COLUMBUS — Toledo’s traffic-enforcement cameras may survive, but if the Ohio Supreme Court strikes down the program’s administrative hearing process, it would have “untold consequences” across the state, the city argued Wednesday.
An attorney for a Kentucky man challenging the process countered that the city has unconstitutionally sidestepped the jurisdiction of Toledo Municipal Court in deciding guilt or innocence when it comes to these traffic violations.
The high court did not immediately rule, and, based on their questions, appeared divided. There are red-light cameras within blocks of where the justices heard arguments.
This marks the second time the court has considered the constitutionality of such cameras.
In 2008, it upheld them as an extension of cities’ police powers under their home-rule authority.
But this is the first time it has heard the argument raised by Bradley L. Walker. In Toledo, appeals of decisions of administrative hearing officers go to Lucas County Common Pleas Court.
Mr. Walker paid the $120 fine he received in 2009. Under its current agreement, Toledo keeps $90.25 of the fine with the rest going to operator RedFlex Traffic Systems.
“Walker has alleged they have my money under this unconstitutional ordinance, and I want it back,” said Mr. Walker’s Fremont attorney, Andrew R. Mayle.
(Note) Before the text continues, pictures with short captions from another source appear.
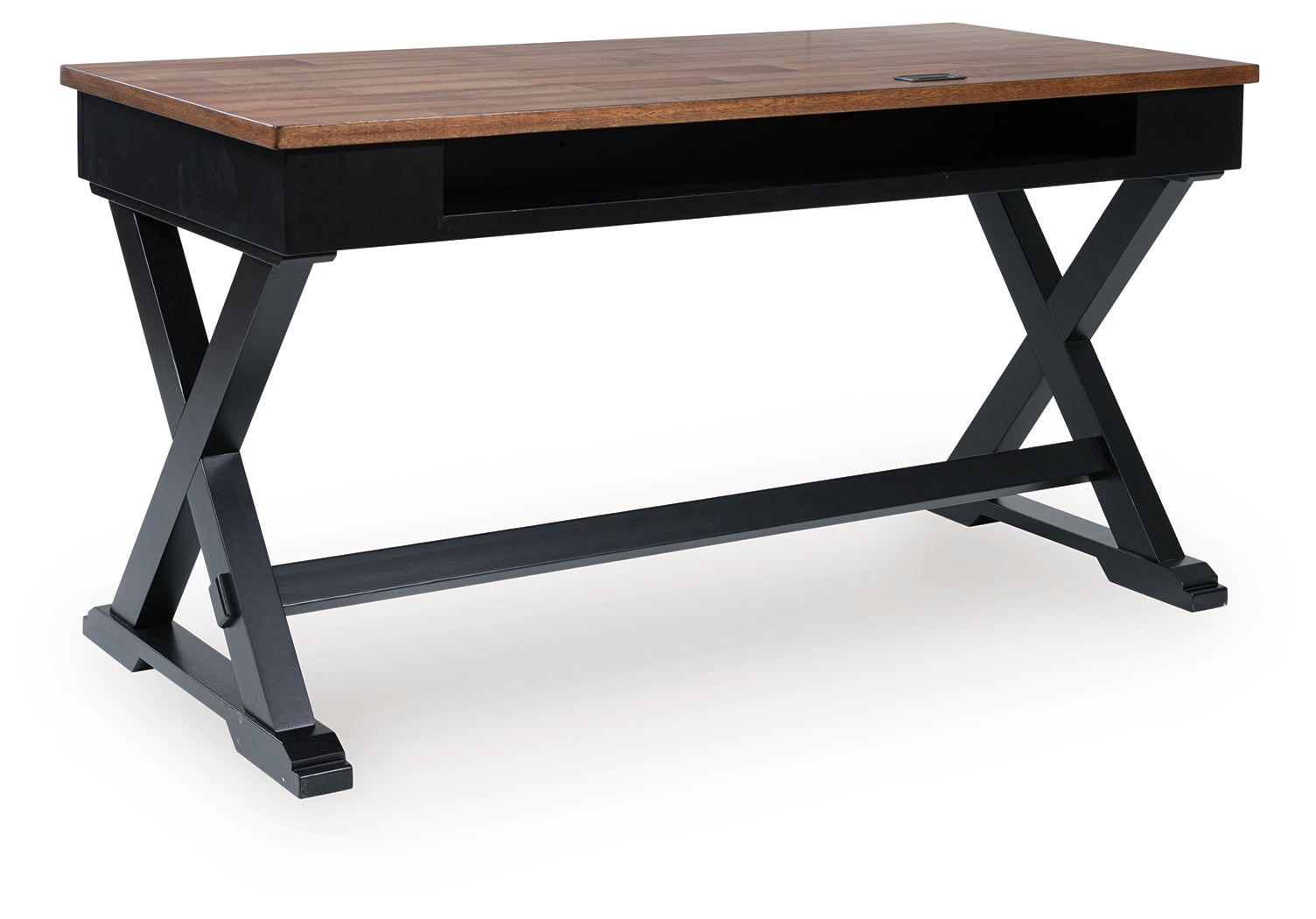 Wildenauer Brown/Black Home Office Desk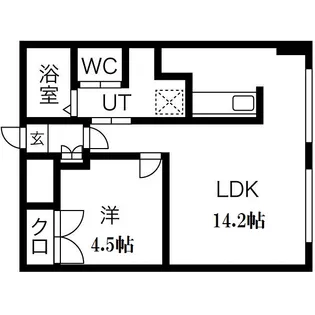 サンルート【101号室】の間取り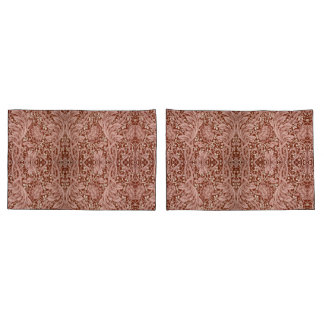 Elegante William Morris Floral Blue Padrão Branco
The city contends it has the right under its home-rule authority to frame an administrative process to handle the civil citations just as it would citations for things like public nuisances.
In addition to a common pleas court appeal, motorists can file a separate action in municipal court to challenge a city’s action, Adam Loukx, the city’s law director, told the court.
He said the cameras would survive, but a decision striking down the city’s right to pursue an administrative hearing process to process the citations would “have untold consequences and establish a very negative precedent around the state.”
Cities like Cleveland, Columbus, and Dayton are also watching the case, knowing their own programs could be in jeopardy.
Justice Judith Lanzinger, of Toledo, who wrote the 2008 decision upholding the cameras, said she doesn’t see how the court’s holding in that case doesn’t apply to this one.
But one justice who has since joined the court, Justice William O’Neill, suggested the ruling created “the legal fancy that traffic violations are civil violations.”
Justice Paul Pfeifer, who agreed the cameras were constitutional in the 2008 decision, suggested such an administrative hearing process could turn common pleas courts into traffic courts.
Programs differ from city to city, but they generally treat violations captured by cameras as civil violations that carry a fine split between the city and the private company operating the cameras. An attorney representing Redflex Traffic Systems also defended the city’s program before the justices.
Critics of such programs have argued that the cameras have become more about generating revenue for cities and less about safety.
Unlike a criminal violation, the citations to not assess points against a driver’s license and motorists’ insurance companies are not notified.
Meanwhile, a pair of bills awaits lawmakers when they return to the Statehouse in late September to either strictly regulate or all but ban the use of such cameras.
Former Justice Andrew Douglas sat at the table with the attorneys for the city and Redflex before the bench.